Michael Ferber hat in der NZZ die Ergebnisse der Neurentenstatistik 2019 des BFS ausgewertet und mit Expertinnen von UBS und Avenir Suisse diskutiert.

Laut der Statistik lag eine neue Altersrente bei den Frauen 2019 im Median bei 1160 Fr. pro Monat, bei den Männern waren es hingegen 2144 Fr. Der Median bedeutet, dass die eine Hälfte der Renten grösser, die andere kleiner ist als dieser.
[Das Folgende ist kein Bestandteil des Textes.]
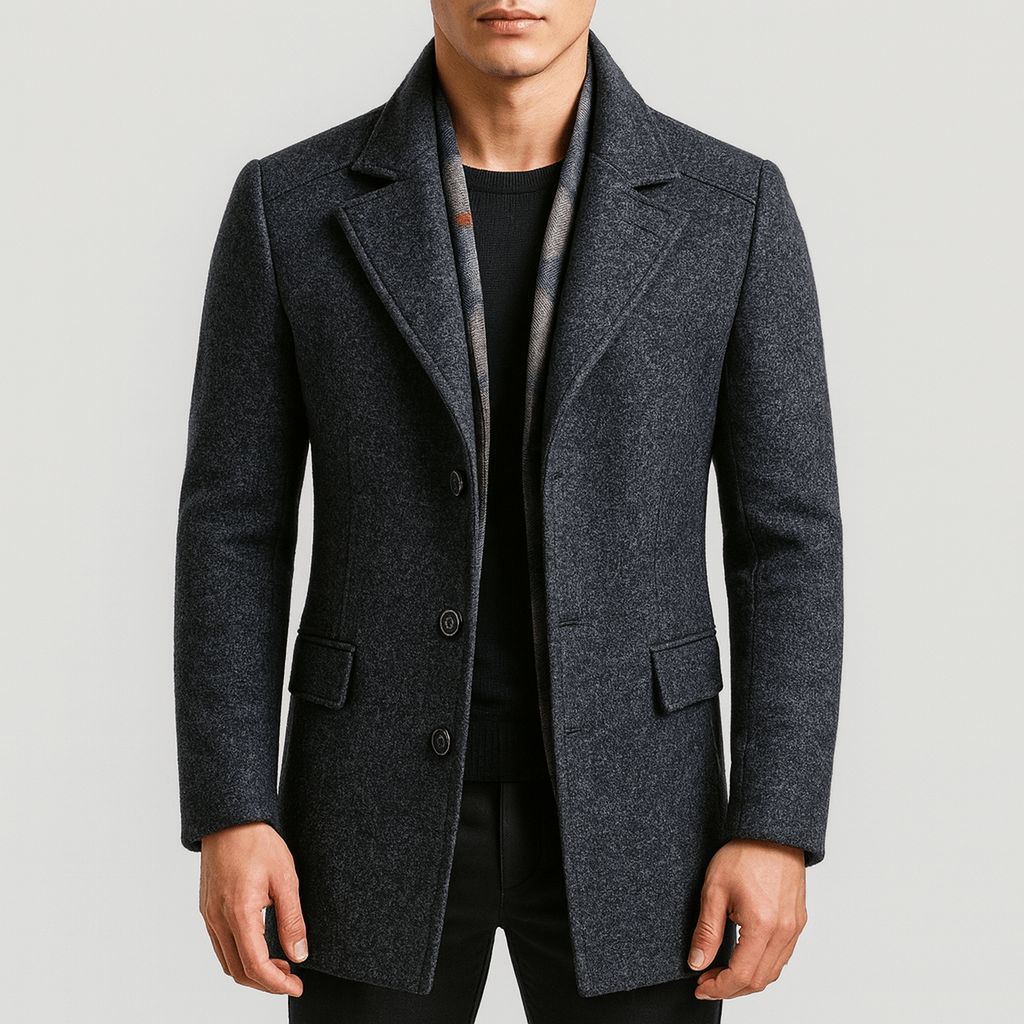 Men’s Classic Tailored Overcoat-Overcoats-Calvaro-ByCalvaro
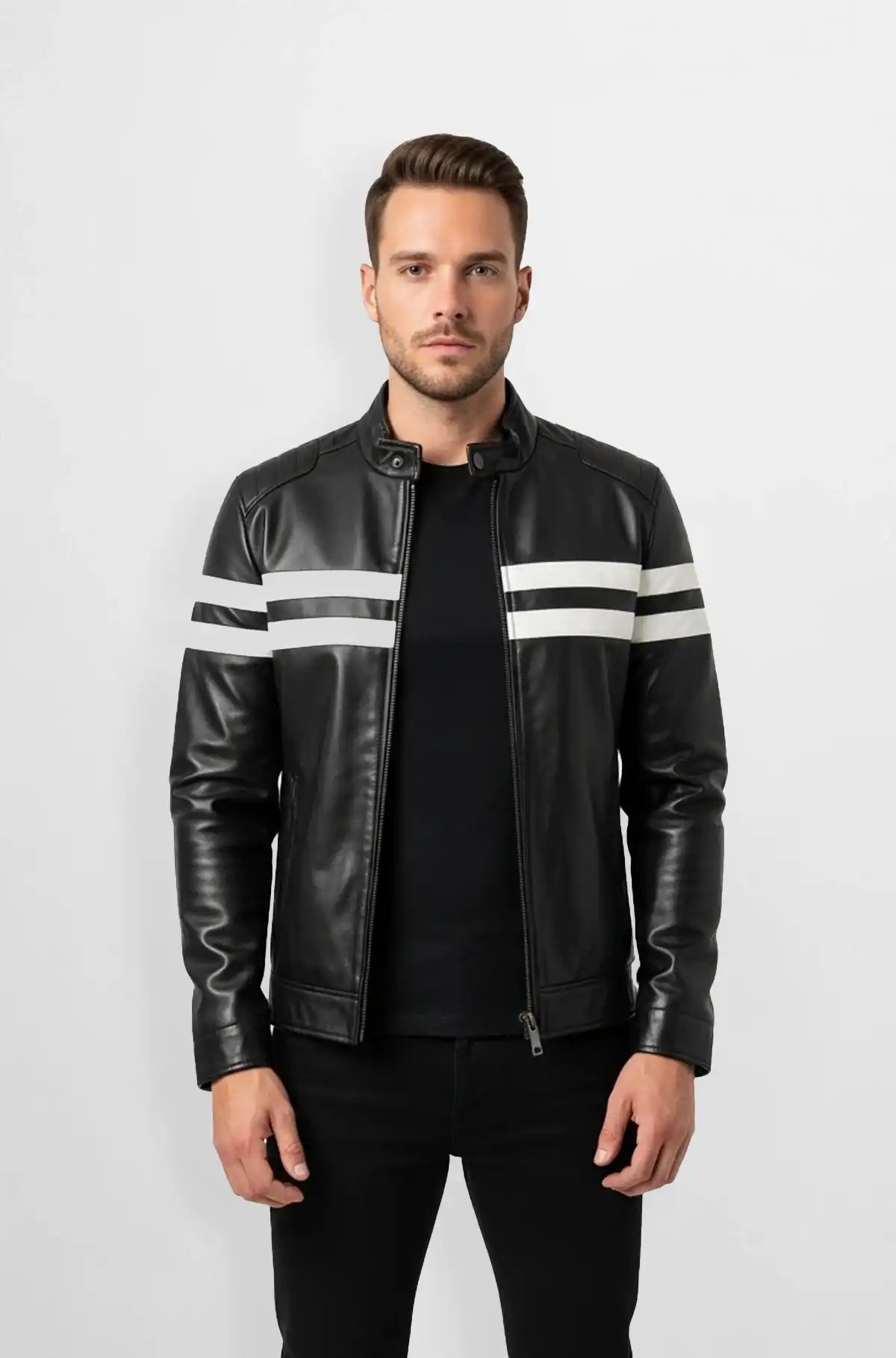 White Stripes Black Leather Racer Jacket
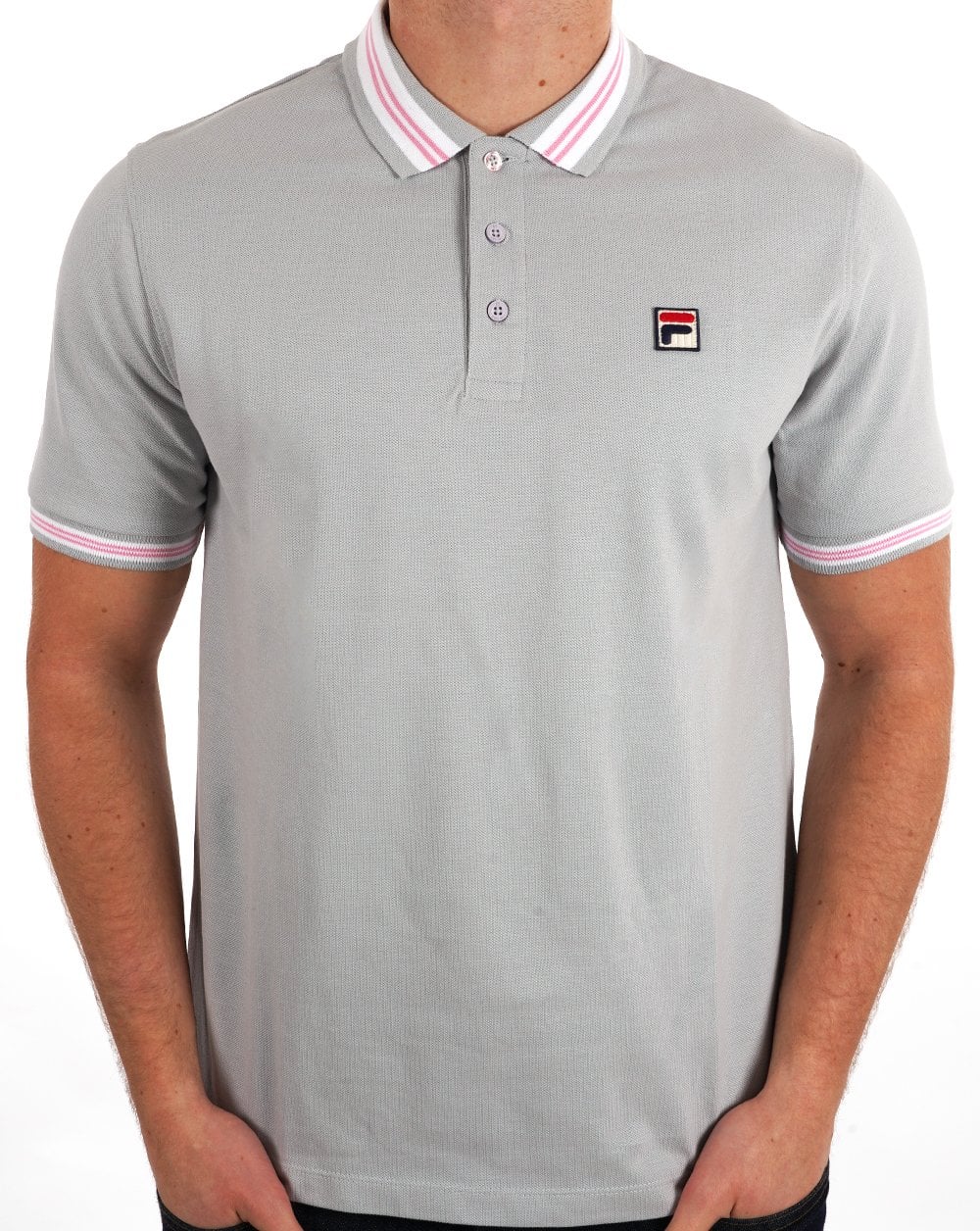 Fila Vintage Tipped Polo Shirt Grey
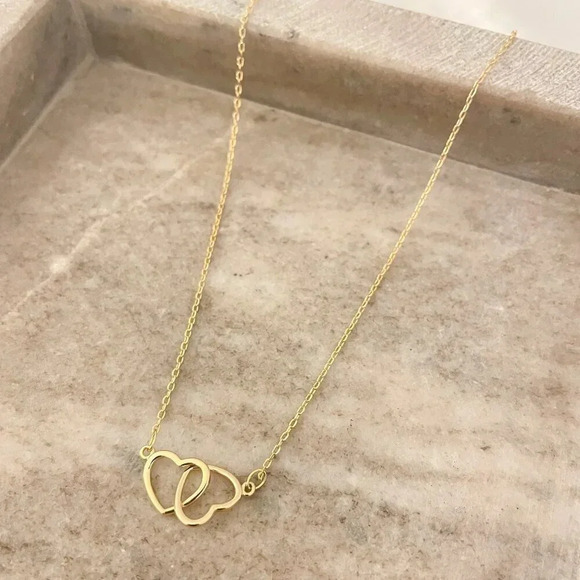 925 Sterling Silver Double Heart Linked Necklace Interlocking Hearts Necklace - Picture 9 of 16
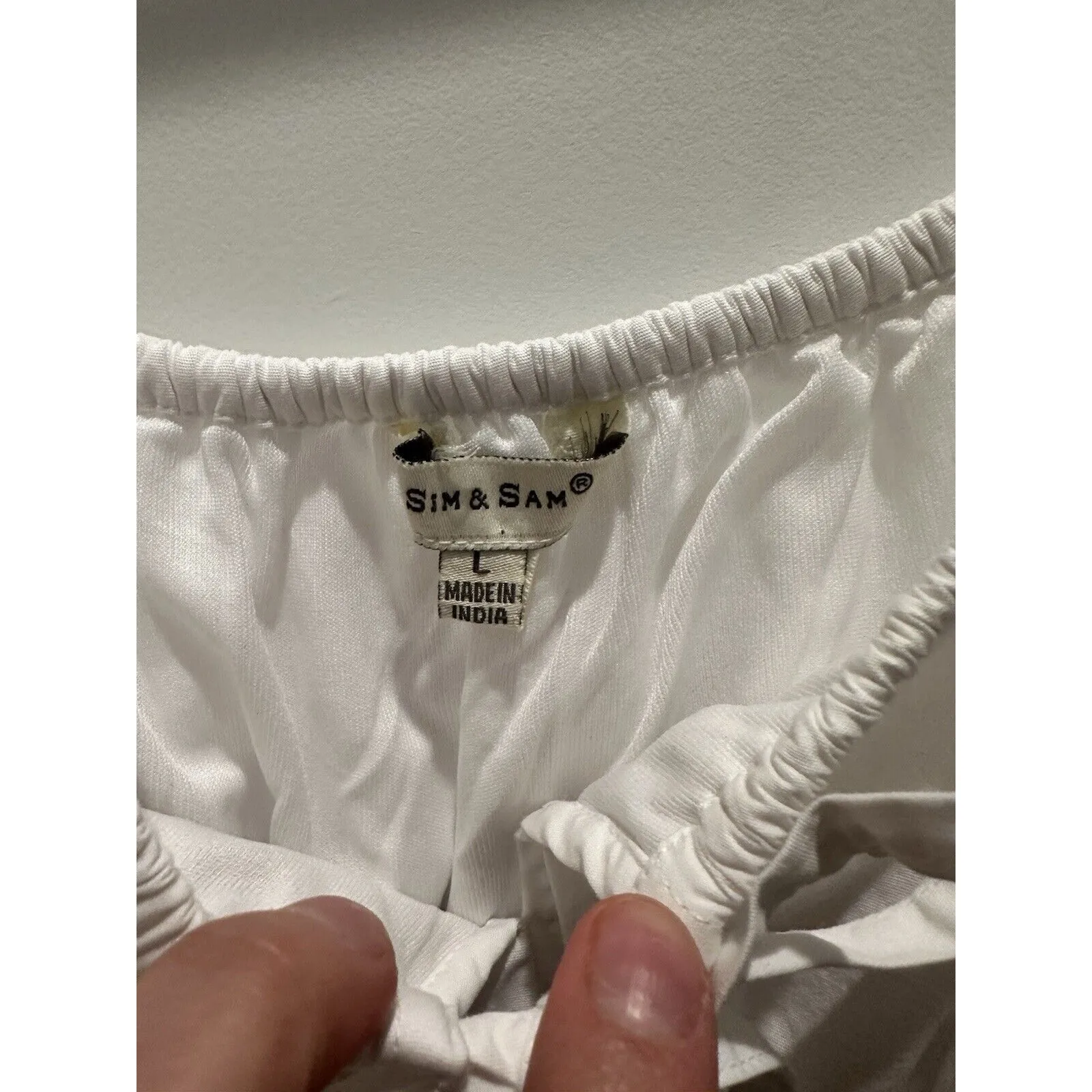 Women’s Sim & Sam White Knit Sundress  Size Large With Pockets - Image 2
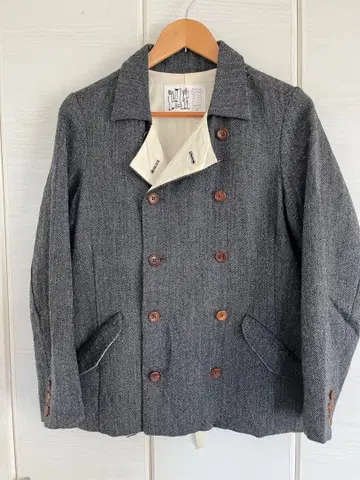 초기 DIGAWEL 헤링본 피 코트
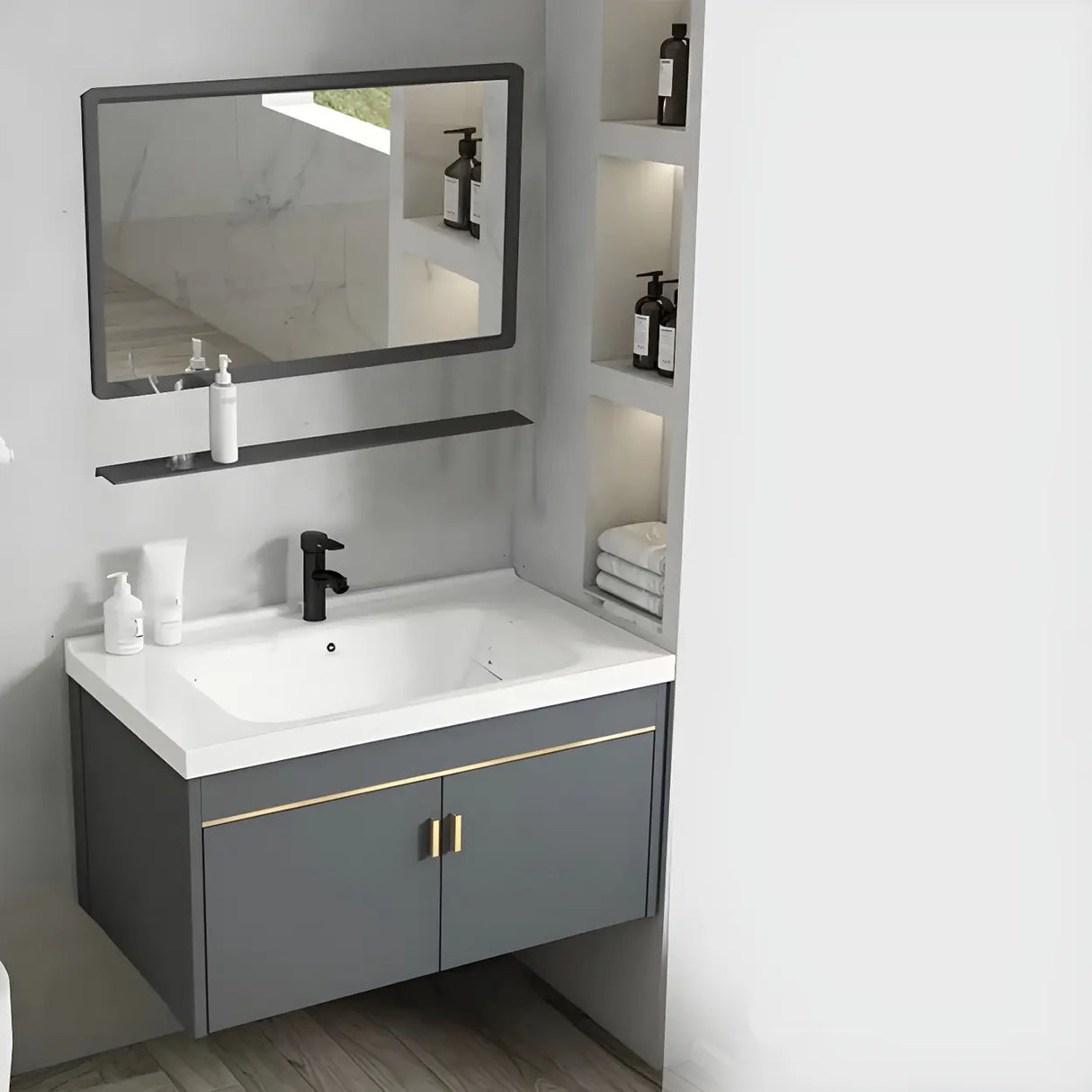 Modish Bath Vanity with Ceramic Sink and Soft-Close Drawers Image - 22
Auch bei den Kapitalbezügen im Jahr 2019 war der Medianbetrag bei den Frauen mit 59 000 Fr. deutlich geringer als bei den Männern (142 900 Fr.).

Für eine zusätzliche Problematik sorgt derweil die Tatsache, dass die Pensionskassenrenten für beide Geschlechter im Vergleich mit 2017 niedriger liegen. Dies dürfte mit den Kürzungen der Pensionskassen zu tun haben, mit denen diese auf die ultraniedrigen Zinsen und die demografische Entwicklung reagieren. Im Jahr 2017 hatte eine neu ausbezahlte Altersrente im Median für Frauen 1221 Fr. und für Männer 2301 Fr. betragen.

Der Hauptgrund für die grossen Unterschiede zwischen den Geschlechtern dürfte in den unterschiedlichen Erwerbsbiografien zu finden sein. «Dass Frauen im Durchschnitt bei Erreichen des Rentenalters nur etwa halb so hohe Pensionskassenrenten erhalten wie Männer erklärt sich primär dadurch, dass ihre Arbeit während der Erziehungsphase aus finanzieller Sicht lediglich dem Staat zugutekommt», sagen Veronica Weisser und Jackie Bauer von der Grossbank UBS. (…)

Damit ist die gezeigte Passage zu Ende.